January 30, 2026 00:00:00


Coordination Headquarters for the Treatment of Prisoners of War employees walk past refrigerator trucks carrying bodies of Ukrainian military personnel returned by Russia on Thursday — AFP

BRUSSELS, Jan 29 (AFP): EU top diplomat Kaja Kallas warned Thursday that Ukraine was facing a "humanitarian catastrophe" as Russian strikes cut power in frigid winter conditions.

Kallas said that despite US-led talks to end the war in Abu Dhabi Russia was "bombing Ukrainians, trying to bomb and freeze them to surrender".

"It's a very hard winter and Ukrainians are really suffering.

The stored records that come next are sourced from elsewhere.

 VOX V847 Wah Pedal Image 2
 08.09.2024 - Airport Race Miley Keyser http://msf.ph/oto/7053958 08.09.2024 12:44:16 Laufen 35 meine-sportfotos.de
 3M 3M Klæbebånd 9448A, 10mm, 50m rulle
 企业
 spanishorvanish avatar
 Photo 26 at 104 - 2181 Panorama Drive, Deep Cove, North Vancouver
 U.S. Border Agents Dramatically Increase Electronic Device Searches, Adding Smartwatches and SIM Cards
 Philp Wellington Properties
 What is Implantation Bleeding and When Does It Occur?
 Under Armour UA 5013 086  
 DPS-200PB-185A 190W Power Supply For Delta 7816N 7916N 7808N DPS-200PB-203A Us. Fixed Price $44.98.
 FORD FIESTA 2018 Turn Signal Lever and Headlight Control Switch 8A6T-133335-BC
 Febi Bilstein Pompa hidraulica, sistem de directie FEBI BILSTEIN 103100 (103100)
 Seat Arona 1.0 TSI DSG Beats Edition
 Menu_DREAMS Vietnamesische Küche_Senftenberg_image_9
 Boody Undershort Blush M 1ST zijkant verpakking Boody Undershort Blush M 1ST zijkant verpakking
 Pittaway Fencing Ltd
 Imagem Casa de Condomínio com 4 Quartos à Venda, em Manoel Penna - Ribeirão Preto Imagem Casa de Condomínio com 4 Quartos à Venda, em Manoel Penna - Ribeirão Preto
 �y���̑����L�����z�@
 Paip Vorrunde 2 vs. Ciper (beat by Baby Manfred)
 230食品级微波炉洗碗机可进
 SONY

There is a humanitarian catastrophe coming there," she said at the start of an EU meeting in Brussels.

Russia has stepped up its strikes against Ukraine's power and heating infrastructure, plunging residents into darkness and cold as temperatures have dropped as low as -20C.

The EU is looking to step up support for Ukraine's power grid and is preparing a new round of sanctions on Moscow for the fourth anniversary of its invasion next month.

Sweden's foreign minister Maria Stenergard called for "a full services maritime ban on all Russian vessels that transport energy" to further curb Moscow's revenues.

She also urged a ban on fertiliser imports from Russia and a prohibition on exporting luxury goods from the EU to the country.

"We need to put more pressure on Russia. That is the only way to stop the killing," she said.

The EU has already imposed 19 rounds of sanctions on Russia since the 2022 invasion of Ukraine and Kallas said Thursday the EU would also add Russia to the bloc's money-laundering blacklist.

In a separate initiative, Estonia's foreign minister called for EU countries to impose a coordinated Schengen visa ban on Russians who have fought in Ukraine.

Ukraine receives 1,000

bodies from Russia

Kyiv said on Thursday that it had received from Russia 1,000 remains of people that Moscow said were Ukrainian soldiers killed fighting the Kremlin's army.

The exchange of prisoners of war and the remains of killed soldiers is one of the few remaining areas of cooperation between Kyiv and Moscow, which invaded Ukraine in February 2022.

"Today, repatriation measures took place, under which 1,000 bodies of the deceased, which the Russian side claims belong to Ukrainian defenders, were returned to Ukraine," Kyiv's Coordination Headquarters for the Treatment of Prisoners of War, said in a statement on social media.

Kremlin aide Vladimir Medinsky confirmed an exchange had taken place, writing on Telegram that the Russian side had received the remains of 38 killed Russian soldiers.